Charles Bronson - The Story Of My Life
Hooray, it’s payday, just like every other fifteenth day. But with a job that pays me checks like this, it’s just a 15 hour joke that’s getting less and less funny. And oh, it’s so funny when there’s never enough money. And it’s the story of my fucking life, so what else can I do but swallow my pride and sink deeper into debt until I die? Or am I already dead? Because this isn’t what I call living. I’m 21 and instead of having fun, I just worry about too much shit and my cash is number one. And there’s a million more just like me, and we’re all on the same ship, choking on this plastic noose our lives surround. And this fucker’s going down in the moat around this card that’s got us in the hole with a permanent foot on our throats. Struggling a lifetime to break even is not an achievement—it’s reality.
I bought the Possessed To Skate compilation LP, on 625 Records, in the summer of 1997. I was 21 years old, working for a fly-by-night business that cleaned ventilation systems for restaurants (an incredibly dirty job), and at the tail end of a two-year dalliance with credit cards that left me $8000 in debt (haven’t had one since).

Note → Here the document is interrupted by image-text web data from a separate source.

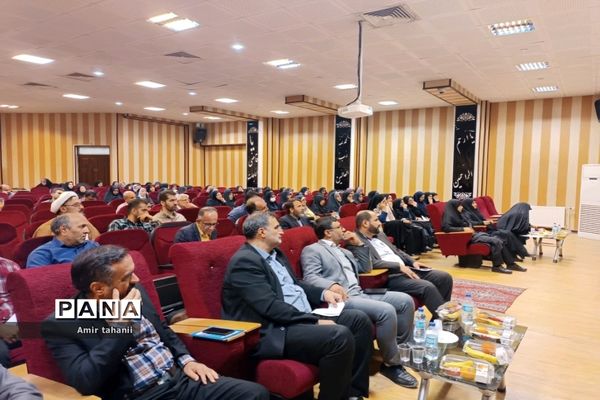 جلسه تشریح و تبیین فعالیت‌های حوزه پرورشی و تربیت‌بدنی منطقه ۱۸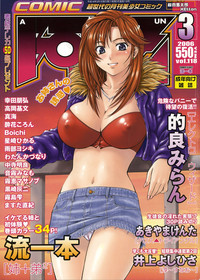 COMIC AUN 2006-03 Vol. 118 hentai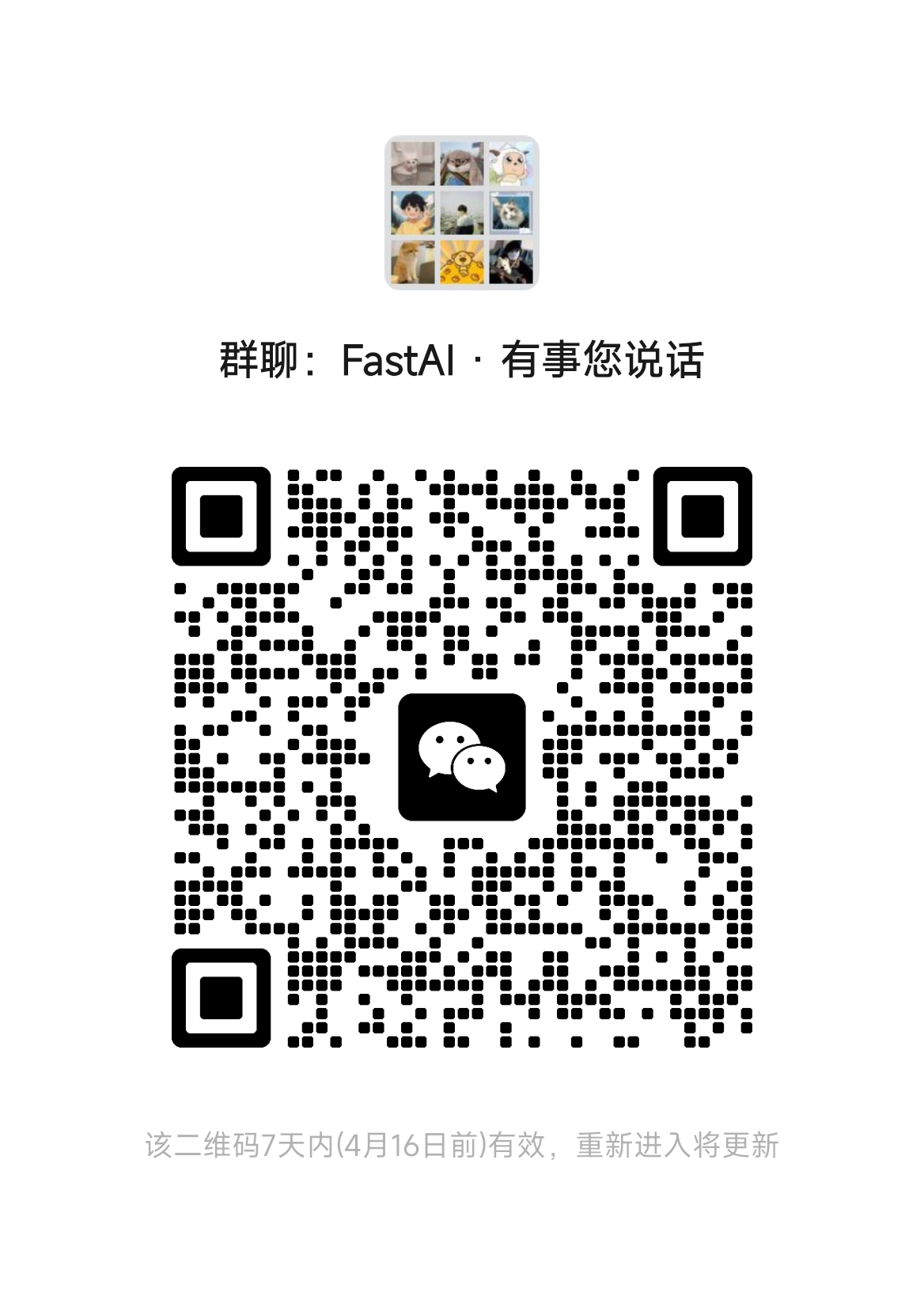 Fast AI 微信交流群二维码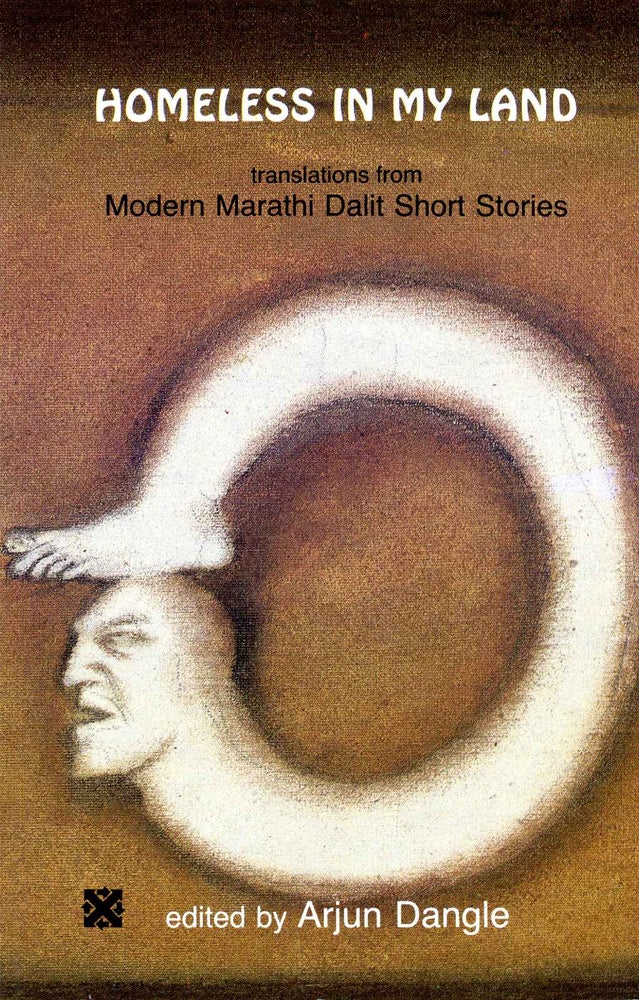 Item #016827 Homeless In My Land. Translations from Modern Marathi Dalit Short Stories. Arjun Dangle.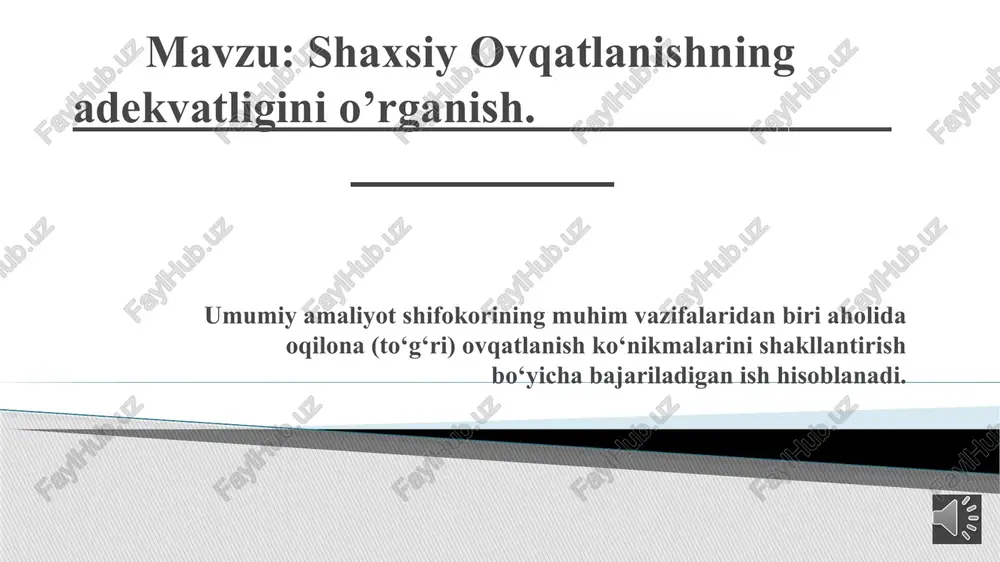 1 : 1,2 : 4,6 yoki 1: 1: 4 bo‘lishi kerak. 3.ovqat yil fasllarini hisobga olgan xolda kun davomida to‘g‘ri taqsimlangan bo‘lishi kerak. mas., yilning sovuk faslida ratsionning kaloriyaliligi bo‘yicha nonushta 30-35%, tushlik 35-45% va kechki ovqat – 25-30%tashkil etishi kerak. yilning issik fasllarida tushlikning kaloriya qiymatini kamaytirib, uykudan 2 soat oldin istemol qilinadigan kechki ovqatning kaloriyalik qiymatini oshirish tavsiya etiladi. oqilona ovqatlanishga bir qator aniq gigiyenik talablar qo‘yilib, ularning asosiylari quyidagilar hisoblanadi: 4.kunlik ratsiondagi taomlar to‘plami turli xil bo‘lmog‘i darkor, shu bilan birga ovqat ratsioniga albatta yil faslini hisobga olib sabzovot va mevalarni qo‘shish tavsiya etiladi. 5.mahsulotlar to‘plamini tanlashda organizmning fermentlarga doir holatini, ovqatlanishdagi milliy ananalar inobatga olinishi kerak. 6.ratsionga kiritiladigan ovqat mahsulotlari sifatli bo‘lishi kerak ya’ni o‘z tarkibida organizmga zarar keltiradigan moddalarni tutmasligi lozim. barcha gigienik talablarga muvofiq keladigan amaldagi ovqatlanish, va birinchi navbatda organizmning fiziologik ehtiyojiga mos keladigan ovqatlanishga adekvat ovqatlanish deyiladi ratsional ovqatlanish o’zgaruvchan qiymat bo’lib, …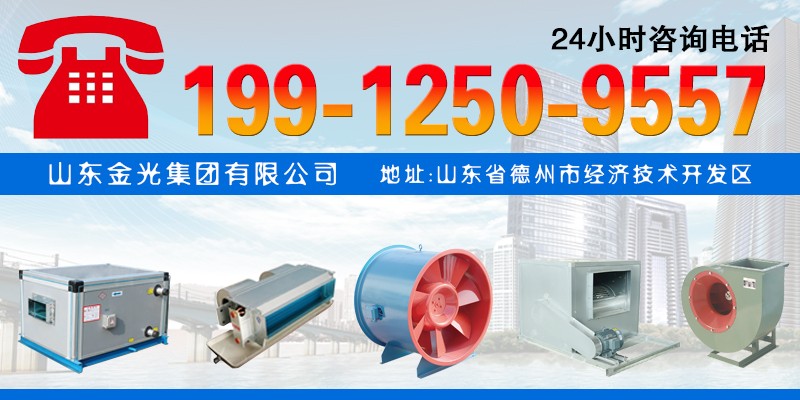 鍑嚎璁懼3c鎺掔儫闃茬伀闃浜у搧媯嫻嬮」鐩強姝ラ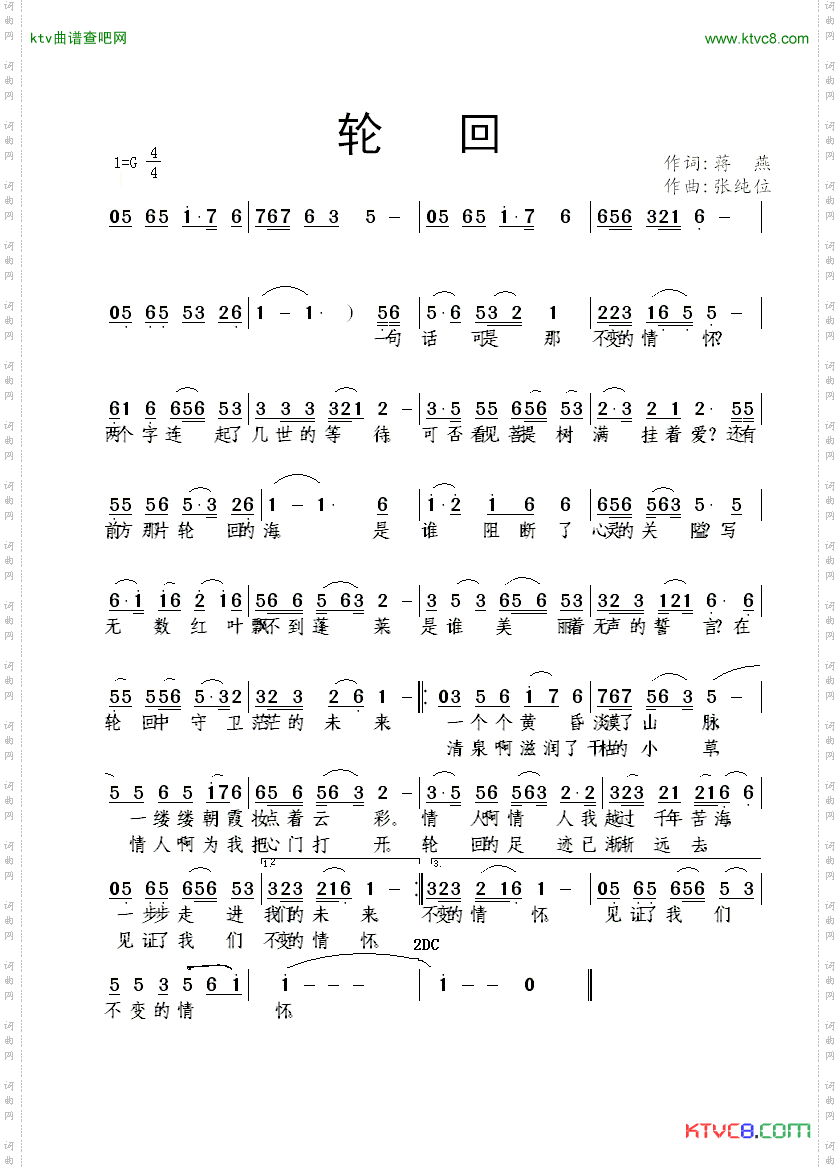 轮回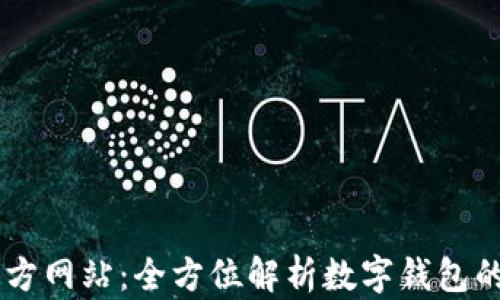 
upay钱包官方网站：全方位解析数字钱包的安全与便捷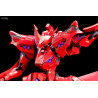 Muv-Luv Alternative - Takemikazuchi Type-00R or Type-00F Tsukuyomi Mana 1.5 figure, Plastic Model Kit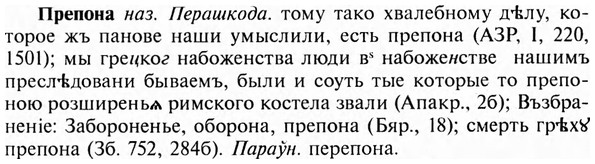 img/28/28-105_0655_Препона.jpg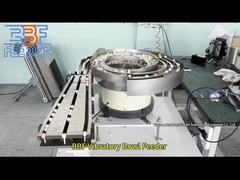 OEM/ODM 振動ボウル フィッダー 医療パイペット ドラッパー パーツ 振動ディスク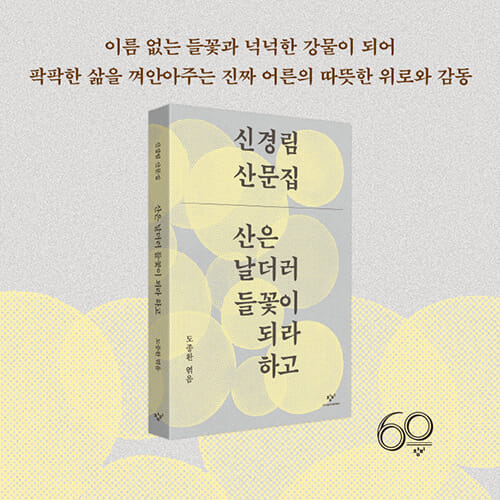 카드뉴스7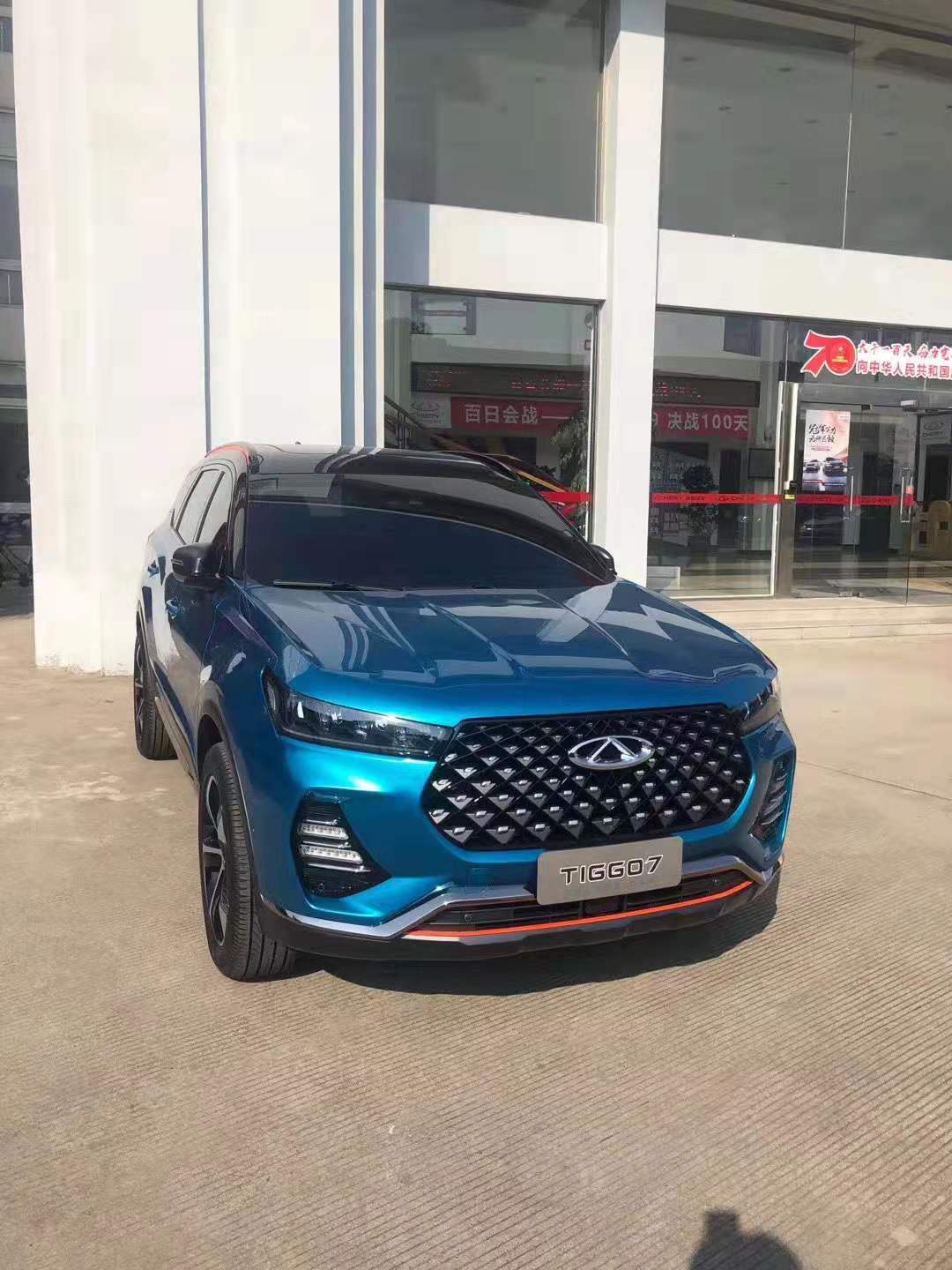 狗哥回答问题,狗哥说车采访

I picked up Possessed To Skate for the Palatka and Despise You tracks. I hadn’t heard any of the other bands. Charles Bronson started the whole thing off, giving me my first taste of a band I soon considered one of my all-time faves (still do). Mark McCoy’s voice was so high that at first I couldn’t figure out if he was a boy or a girl—the liner notes had to solve that particular mystery for me. I loved the music, though. Blazing speed and blasting drums was always enough to get my interest back then, but Charles Bronson had some really great riffs. And while most of the songs they contributed to the record were joke tracks about skating, the first track was this one, “The Story Of My Life.” I read along with the lyric sheet as Mark and company blazed through the ridiculously short song, amazed that he got all of those words in. I was further amazed at how brilliant and dead on his lyrics were. I could have written that song. I was even the same age that he’d been when he wrote it. He summed up the angst and frustration of the twentysomething working-class existence so well that there was nothing to add.
Twelve years later, at a time in my life when I spend way more time listening to indie rock and 60s garage/psych than anything resembling hardcore, I find myself back in this same position, thinking of this song’s lyrics as I suffer through my days working at a kiosk in a mall for $8 an hour. The job is strictly seasonal, and I’ll be back on unemployment by the time 2010 rolls around. I can’t decide if that’s better or worse than having it permanently. I can tell you one thing, though—my near decade of relative stability and comfort at the bookstore was a complete fluke. Right now, it’s like the last 10 years never happened. I’m back in the same position I was in when I worked at an ice cream store in a mall and made $7.25 an hour. Hell, one of my jobs pays me that same hourly wage now. The idea that the opportunity exists for a working class person in the United States to make a living wage, to be comfortable and get ahead, is a cruel joke. And that joke is the story of my fucking life.